Risks intensify for SREITs as interest rates rise
Organic growth is unlikely next year.
Singapore REITs are unlikely to have significant organic DPU growth on back of projected interest rate hikes in 2015.
According to OSK DMG, limited rental upside means that S-REITs are unlikely to have significant organic DPU growth.
“In terms of inorganic DPU growth, overheated property prices – helped by the current low-interest rate environment – make it challenging to pursue yield-accretive acquisitions. The consensus has forecasted a modest overall DPU growth of 5.1% in 2014 and 2.1% in 2015, which is a far cry from the heydays of 2005-2007,” noted OSK DMG.
Meanwhile, DBS warns that investors should be extra-selective about REIT stocks on back of the US Feds potential interest rate hike next year.
“With risks of rising interest rates by end-2015, investors should focus on REITs with underlying organic growth and AEI potential. In addition, with SREITs fairly valued at the moment and trading on a forward yield of 6.3%, implying a yield spread of c.4% which is in line with historical averages, we remain selective,” noted DBS.

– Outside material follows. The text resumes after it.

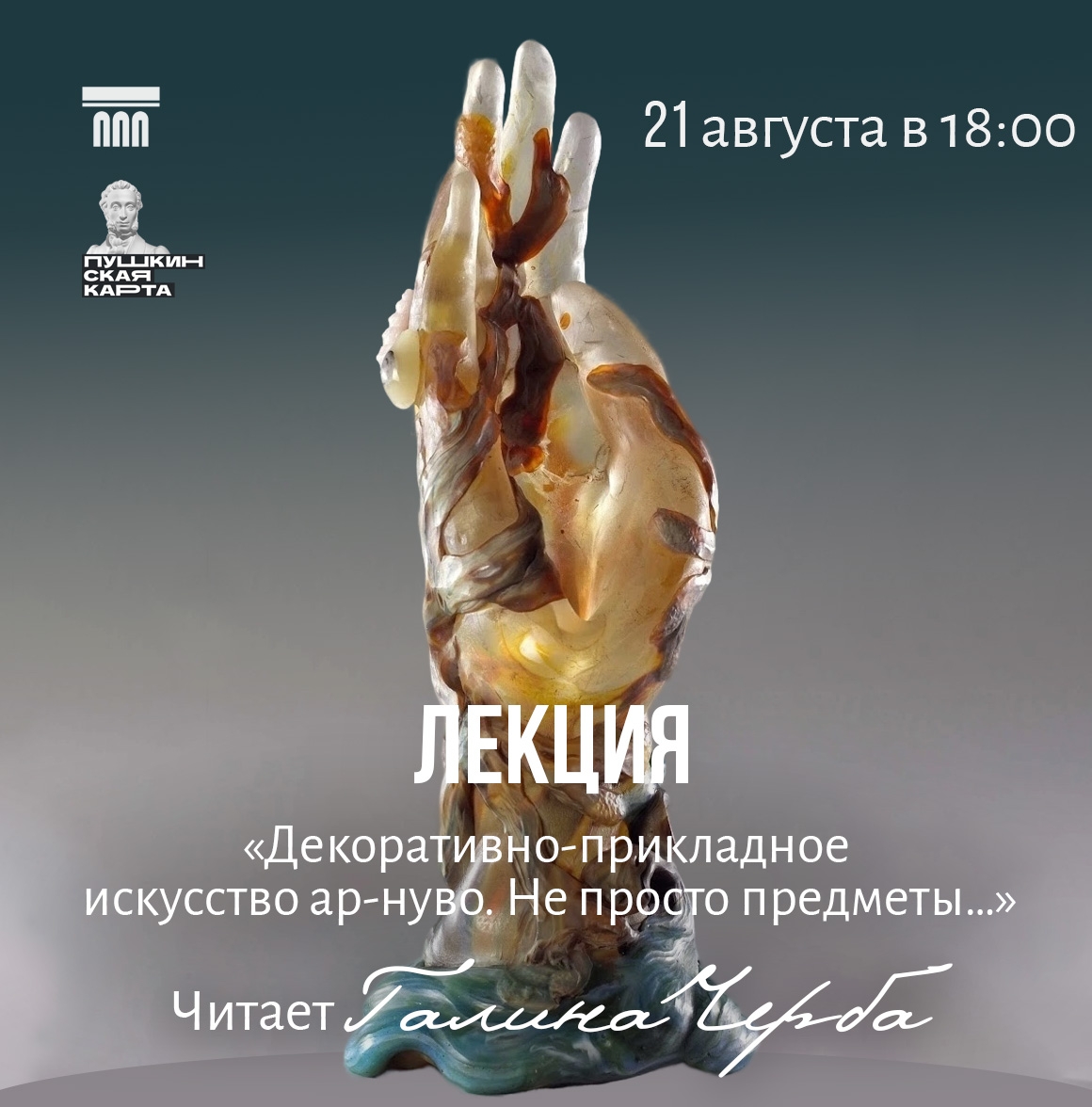 Декоративно-прикладное искусство ар-нуво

In its Financial Stability Report, the Monetary Authority of Singapore noted the systemic risks that SREITs pose.
“In the low interest rate environment post-GFC, S-REITs have been seen as an attractive investment and an important source of funding for the property sector. There were 30 S-REITs as at end-2013, compared to 16 in 2007. Between 2007 and 2013, the total assets of S-REITs grew 19.3% per annum, far outpacing the 7.0% per annum growth in real estate trusts and funds globally,” the MAS stated.
The MAS also noted that a stress on the S-REIT sector could directly impact the banking system if S-REITs default on their borrowings. A shock that impacts S-REITs’ ability to pay dividends or put downward pressure on property prices may cause their market capitalisation to fall.